JF: What’s that old line—“Nobody ever went broke underestimating the taste of the American people”? (Laughs.) I think it’s a real testament to the artists and writers who make up this magazine. They found a different voice; they found a different way of presenting the material and they were terrific. Just terrific. The competitors were always just trying to follow our breadcrumbs, chase our draft. By default, their product was inferior, because anybody who was really good would be working for Mad. So if you’re working for somebody else, chances are you were rejected by Mad.

NYRM: What constitutes top talent? How do you pick your people?

JF: We have turned down scripts from Hollywood six-figure writers and bought stuff from twenty-year-old kids who are still in college. It’s all about what’s on the page. We’re comedy whores. We have to fill this magazine every other month with what’s good, what’s making us laugh. In some ways, it’s very difficult to write for Mad, but if your mind is that way, it’s not that difficult on some levels. But “top talent” is if you make us laugh. At the end of the day, that’s really it. People will say, “Well, I can send you some of my clips.” I don’t want to see your clips. I don’t want to see a very funny fifteen-hundred-word article you wrote for Esquire, because I can’t do anything with a very funny fifteen-hundred-word article you wrote for Esquire, and I’m too busy to read it. Send me something you thought of for Mad.

NYRM: And what do you think it is about Mad? Like you said, on one page there’s something very smart, and then on the next page, there’s something just really dumb.

JF: Yeah, cheap fart gag. Absolutely.

NYRM: So what is it about comedy that makes it work like that? Where you can make a political point on one page and then . . . ?

JF: Well, part of it is the unexpected. I mean, comedy works best when people don’t see it coming. The other thing is, I think I have a reasonably broad sense of humor, but there are certain types of humor that I don’t go for. I’m not a big fan of knock-knock jokes, but if somebody sent in a page of knock-knock jokes and I go, “Ugh,” but three of my staff members say, “Oh, these are good,” then I’m not gonna kill it. I’m going to respect their opinions enough to say, “You know what? Three people whose opinions I respect think this is funny, well, then it is funny.” And that’s the thing about Mad; if you don’t like what’s on this page, if you don’t like political humor, go to the next page, there’s something else. There’s sports humor. Go to the next page, there’s something about Kim Kardashian.

NYRM: Do you have a couple of favorite gags from the last sixty years?
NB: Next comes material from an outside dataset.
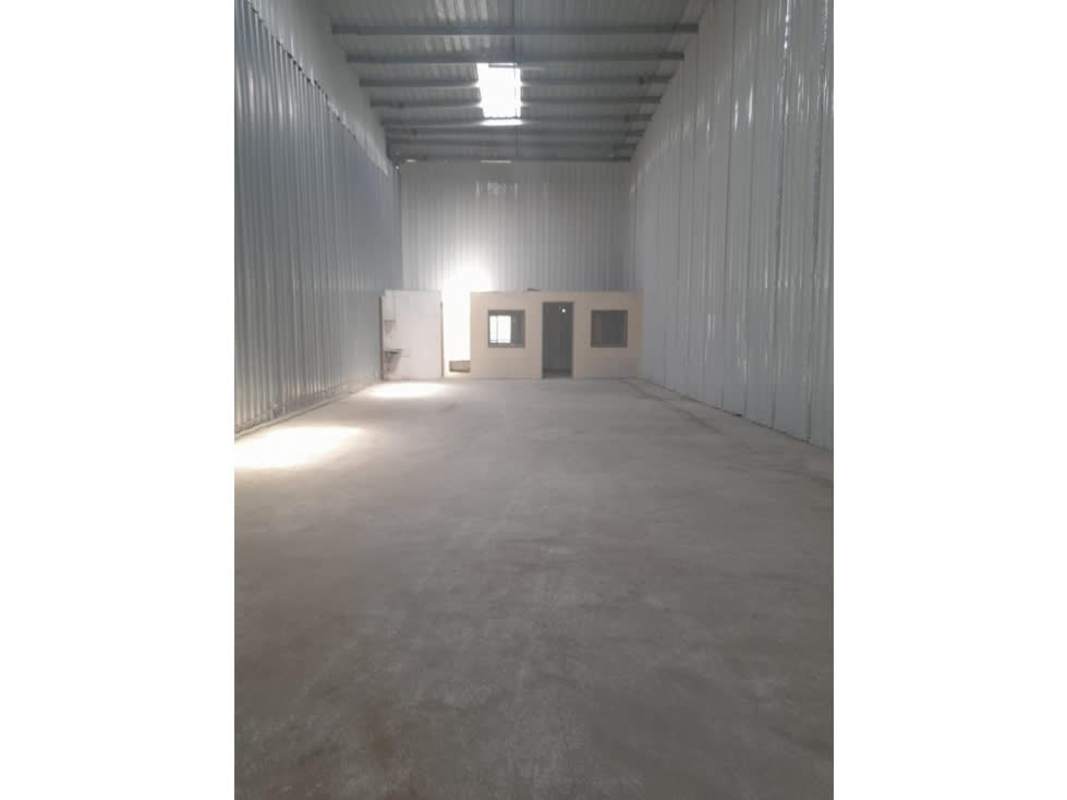 Empty industrial warehouse space with high ceilings and roller doors for rent Tocumen Panama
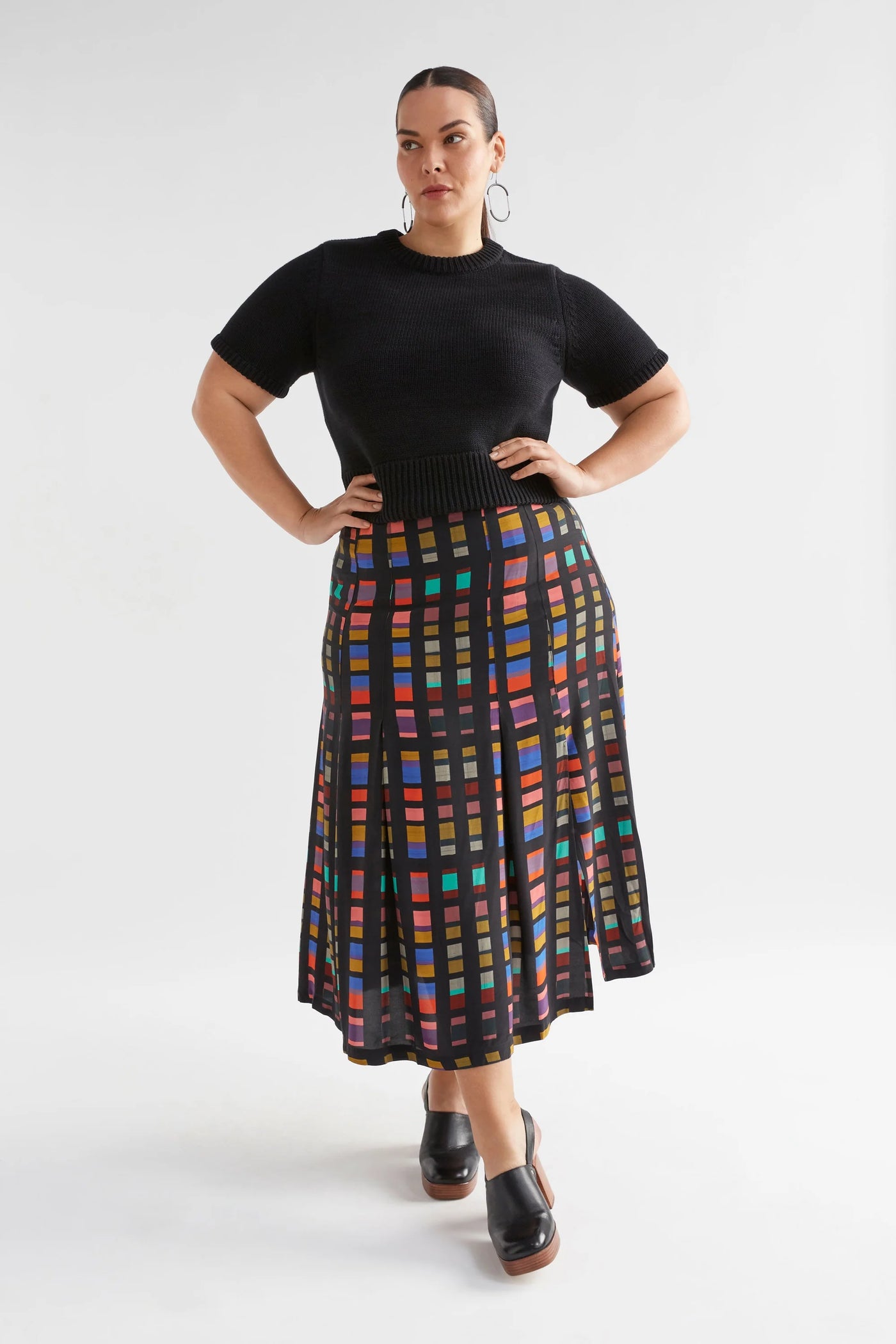 Plus Size Woman wearing Black Lift Knit Top and Multi-coloured skirt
JF: We’re doing a book now with Time Life on the sixtieth anniversary, a coffee-table book. It’s like 256 pages. The problem is, it’s only 256 pages. And I just went through sixty years’ worth of Mads, picking out what should go in this book. At six decades, it basically allows you forty pages per decade and that’s hundreds of pages of material that I have to pick forty from. We could easily put out a second volume of this book and see no slippage in quality.

NYRM: Is there something that you loved when you were a college kid sending in submissions? Something you loved then that you still remember? Something that is quintessential Mad?

JF: I don’t know. A lot of the stuff I sent in and even a lot of the stuff I sold to Mad—now when I look back on it, the magazine has changed so much, we wouldn’t buy it today. The magazine has evolved. It was a more gentle humor. It was more folksy, whimsical at times, where we’ve sort of downplayed that and gone more for the jugular. I mean, Mad’s original slogan was “Humor in a Jugular Vein,” and we’ve tried to ramp that up. We had to. We’re swimming in the same waters as Howard Stern and The Daily Show and Saturday Night Live and David Letterman’s “Top Ten” lists. So we really had to ramp it up, otherwise we’re just going to become irrelevant.

NYRM: Where do you see it going? What’s the future of Mad? Sixty more years?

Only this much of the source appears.